自然エネルギー利用の住宅を研究し提案している設計事務所ですが、屋根集熱暖房(OMソーラー、そよ風)は過去の遺物といえます。OMソーラーが開発された時代の住宅は断熱性能がとても低く、窓からの集熱だけでは足りず屋根面からの集熱システムが必要でした。しかし現在の高断熱化した住宅ならば窓面から直接集熱(ダイレクトゲイン)した熱で十分すぎるほどの熱量を得ることができるのです。
おそらく吉村順三さんやOMを開発した奥村市も現代に生きていれば別のシステムを提案していたことでしょう。
長所
・自然エネルギー利用をアピールできる(作り手側)
・密集地で窓からの集熱が難しい立地ならが屋根集熱は効果がある
・集熱した熱を床下の基礎コンクリートで温め同時に床面も温めるので床暖房のような高効果を得ることができる。
短所
・OMソーラーで200万円、そよ風で150万円の工事費増になり、費用対効果が悪すぎる。

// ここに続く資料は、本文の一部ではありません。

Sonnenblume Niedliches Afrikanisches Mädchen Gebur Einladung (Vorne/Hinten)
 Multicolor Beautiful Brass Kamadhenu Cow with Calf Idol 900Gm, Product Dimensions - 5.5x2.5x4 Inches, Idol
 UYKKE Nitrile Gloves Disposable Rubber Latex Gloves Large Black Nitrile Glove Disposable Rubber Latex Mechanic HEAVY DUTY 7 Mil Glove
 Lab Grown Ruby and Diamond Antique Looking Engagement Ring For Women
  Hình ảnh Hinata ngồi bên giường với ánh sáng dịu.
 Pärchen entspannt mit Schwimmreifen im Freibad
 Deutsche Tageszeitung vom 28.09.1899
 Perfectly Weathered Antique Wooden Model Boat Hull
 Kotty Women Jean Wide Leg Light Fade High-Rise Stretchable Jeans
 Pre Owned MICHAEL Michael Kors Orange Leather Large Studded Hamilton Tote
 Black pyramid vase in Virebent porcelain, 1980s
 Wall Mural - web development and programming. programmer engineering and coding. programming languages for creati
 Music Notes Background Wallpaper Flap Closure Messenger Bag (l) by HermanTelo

この点は致命的な短所です。
・屋根納まりが複雑になり、慣れた施工者でないと漏水リスクが高まる。
現在、OMソーラーの地元である静岡でもOMへの反応は冷ややかです。200万円あったらもっと有効な使い道があることを感じているのではないでしょうか。
太陽光発電については、住宅を建てるときに住宅ローンを使って導入するほどのものではありません。住宅ローンの金利と廃棄処分するときの処分量まで含めて収支計算すると15年以上の稼働が必要なのです。ローンではなく自己資金で導入するならば低金利ということもあり導入する価値はあります。それでも収支0になるのは12年とお考えいただいたほうがいいです。太陽光発電業者やハウスメーカーの口車に乗ってはいけません。
自然エネルギー利用というと太陽光発電やOMなどのアクティブな設備に着目する方が多いのですが、自然エネルギー利用の基本は断熱・気密・通風です。その次に考えるのは太陽光給湯です。実は太陽光給湯は自然エネルギー利用設備のなかで最も費用対効果が高いのです。さらに余裕があれば太陽光発電を考えればいいでしょう。